__What to produce__: What is needed is a word-for-word copy of all the entries, minus the pictures.
*** Input Section Begins ***
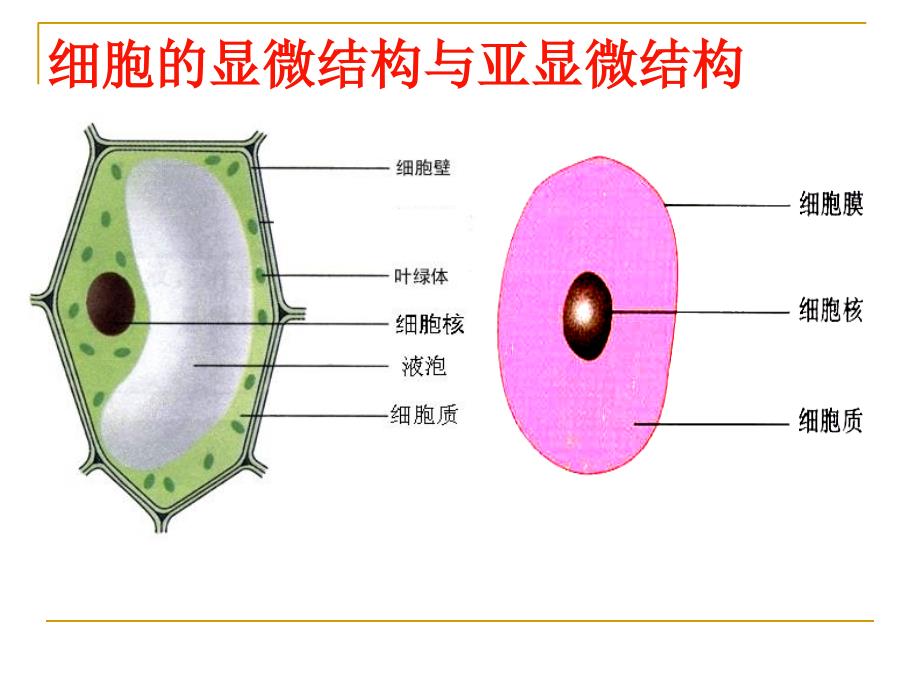 09细胞质使用PPT课件_第1页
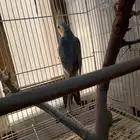 للبيع ذكر كروان باكستاني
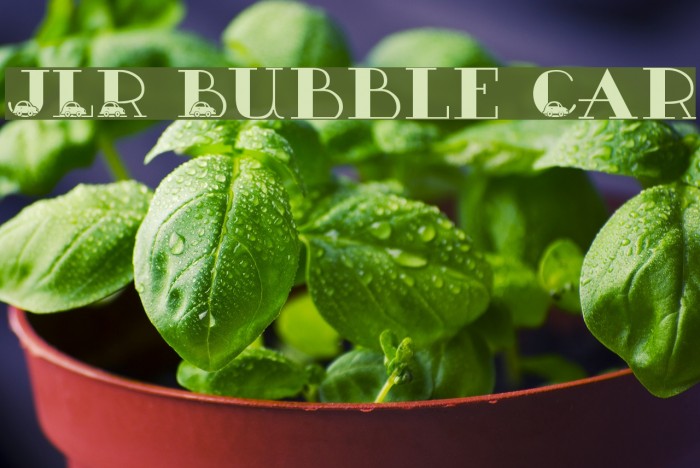 JLR Bubble Car Example 2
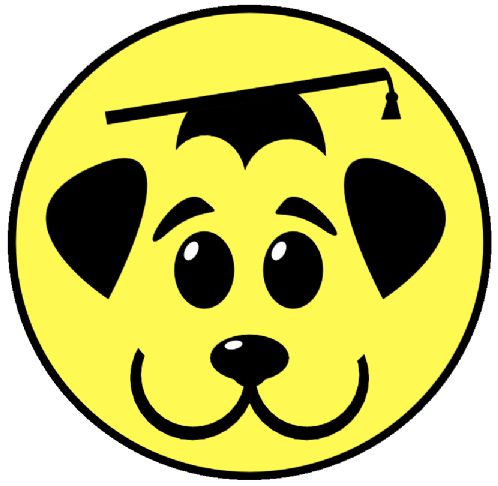 Hundepass, lufting, trening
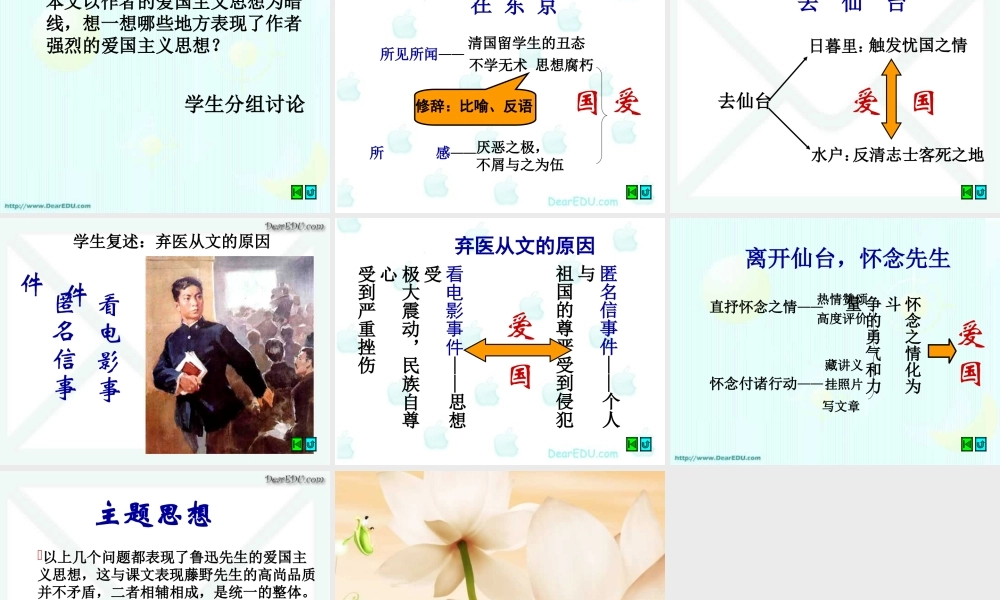初三语文藤野先生 鲁迅 课件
*** Input Section Ends ***
__Result of the exercise__:
 09细胞质使用PPT课件_第1页
 للبيع ذكر كروان باكستاني
 JLR Bubble Car Example 2
 Hundepass, lufting, trening
初三语文藤野先生 鲁迅 课件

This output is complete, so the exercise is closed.